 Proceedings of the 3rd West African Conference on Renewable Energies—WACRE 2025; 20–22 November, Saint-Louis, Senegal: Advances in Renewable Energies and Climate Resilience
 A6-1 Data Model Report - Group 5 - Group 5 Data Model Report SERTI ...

...

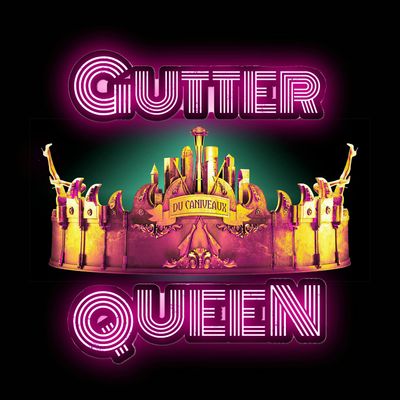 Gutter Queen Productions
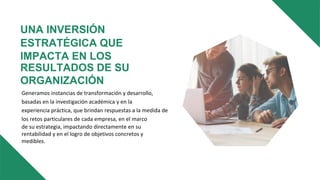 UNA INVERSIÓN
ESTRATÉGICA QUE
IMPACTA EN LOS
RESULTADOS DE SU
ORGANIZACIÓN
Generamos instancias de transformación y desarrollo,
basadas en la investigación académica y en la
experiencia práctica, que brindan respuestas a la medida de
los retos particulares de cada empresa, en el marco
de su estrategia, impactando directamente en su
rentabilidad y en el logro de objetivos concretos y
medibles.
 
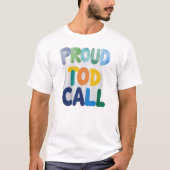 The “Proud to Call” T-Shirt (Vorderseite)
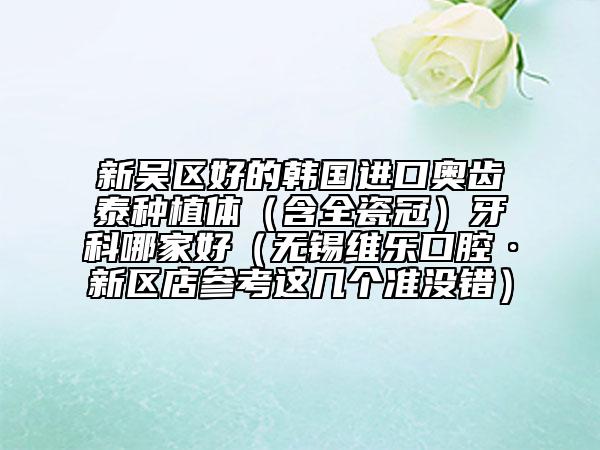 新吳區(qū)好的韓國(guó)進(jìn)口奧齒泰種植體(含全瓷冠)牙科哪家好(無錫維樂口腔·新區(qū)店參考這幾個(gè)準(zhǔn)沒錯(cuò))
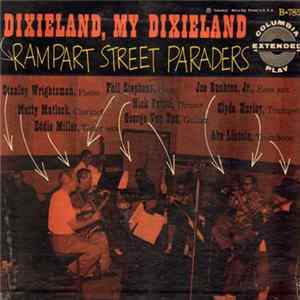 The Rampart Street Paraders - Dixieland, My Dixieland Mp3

→ What this task involves:
Having found the line with "los retos particulares" and the line with "The Rampart Street" in the material above, write out exactly those two and every line between, leaving the pictures out.

→ Solution for this exercise:
los retos particulares de cada empresa, en el marco
de su estrategia, impactando directamente en su
rentabilidad y en el logro de objetivos concretos y
medibles.
 
 The “Proud to Call” T-Shirt (Vorderseite)
 新吳區(qū)好的韓國(guó)進(jìn)口奧齒泰種植體(含全瓷冠)牙科哪家好(無錫維樂口腔·新區(qū)店參考這幾個(gè)準(zhǔn)沒錯(cuò))
 The Rampart Street Paraders - Dixieland, My Dixieland Mp3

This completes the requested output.